Nostalgia for the 1980s and 1990s was already a big thing: witness the success of the TV series Halt and Catch Fire and a recent film adaption of Stephen King’s 1986 horror novel It, not to mention the huge new following the sitcom Friends gained during lockdown. Current fashion even harks back to the period with oversized jackets, pleated baggy pants, vests, crop tops and slinky dresses in dopamine pink and lime green.
As with TV shows, so with language. Gen Zers may be surprised to learn that words they think they’ve coined come from their parents’ generation: fam “close friend” (1996), throw shade “to express contempt” (1990), ship and shipping “to advocate for romance between two people” (1990).
One 1980s expression enjoying a big revival is the ick. Just watch Love Island to see contestants using the ick as an excuse to dump their love interests: “Sometimes when he holds my hand, I feel like it’s my dad holding my hand… I’ve got the ick.” Scroll through TikTok, or rather IckTok, and you can hear what gives people the ick: “He asked me to talk dirty to him in Spanish. I’m Filipino!” “He asked me to say his name. His name was Doug.” “When they’re nose breathing and it makes that whistle sound.”
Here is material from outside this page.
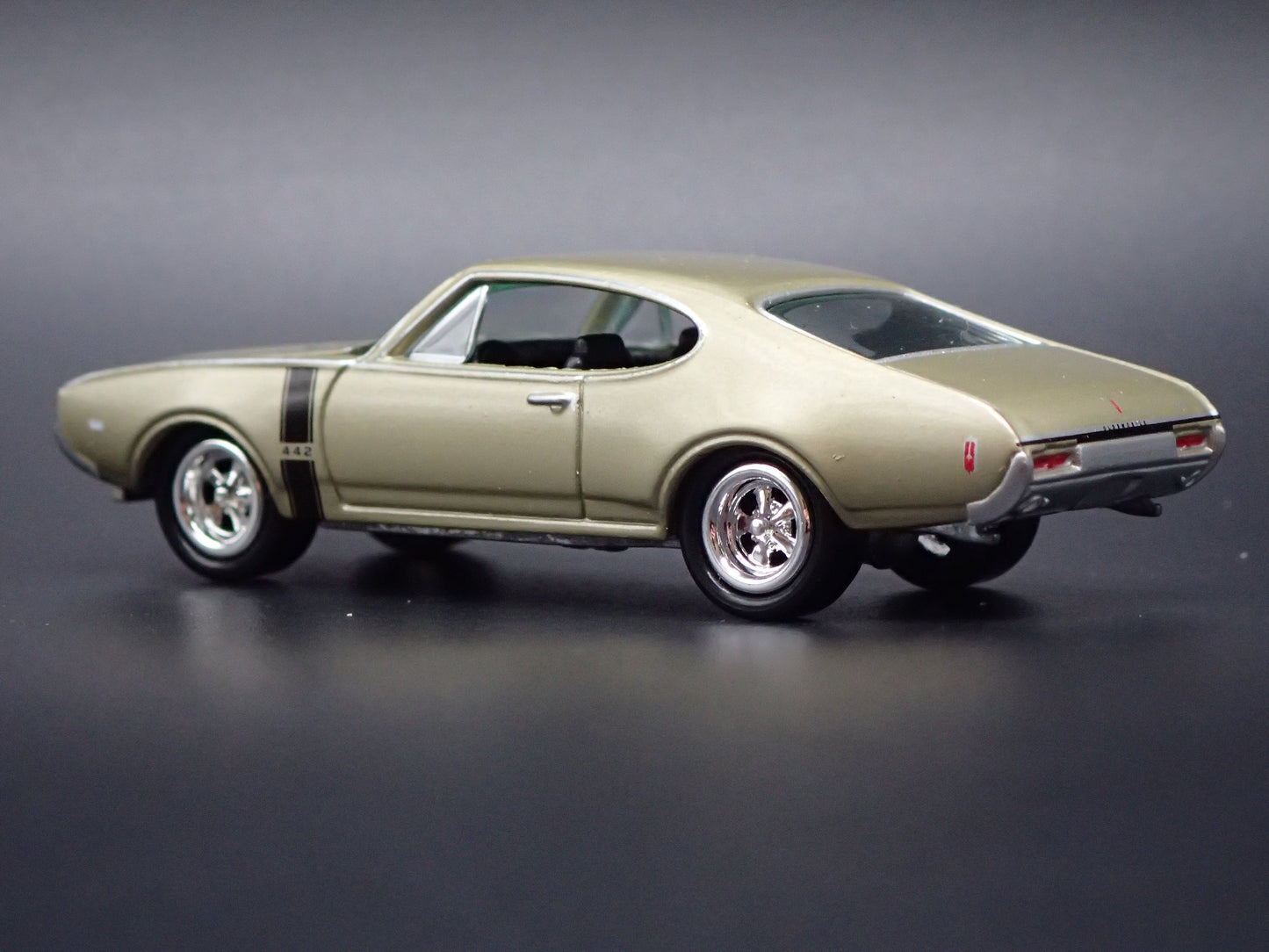1968 68 OLDS OLDSMOBILE 442 1/64 SCALE COLLECTIBLE DIORAMA DIECAST MODEL CAR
The ick refers to the sudden feeling you get when a new romantic partner does or says something that repulses you in a way that instantly turns you off them for good. It’s usually something trivial, or simply a gut feeling you can’t ignore. But you can never look at them in the same way again. The ick factor never lies. Once you “get the ick” or “catch the ick,” there’s no going back.
The ick factor first appeared in the American Newsweek magazine in 1979. In the 1980s, the expression was used interchangeably with “the yuck factor” for any generic feeling of repulsion. In the 1990s, its meaning narrowed to refer specifically to romantic scenarios. The sitcom Friends devoted an episode to “The One With the Ick Factor” in which Monica sleeps with a handsome young virgin who later admits he is still in high school. When Monica finds out his age, she is instantly repulsed and has to end it.
As a linguist, I wonder which linguistic gems of the 1980s and 1990s might be next—netiquette, dissing, shit-stirrer, cred, def, jacksquat, dweeb, chill pill or ratpack? And when will parents be asked: “Have you heard of Milli Vanilli?”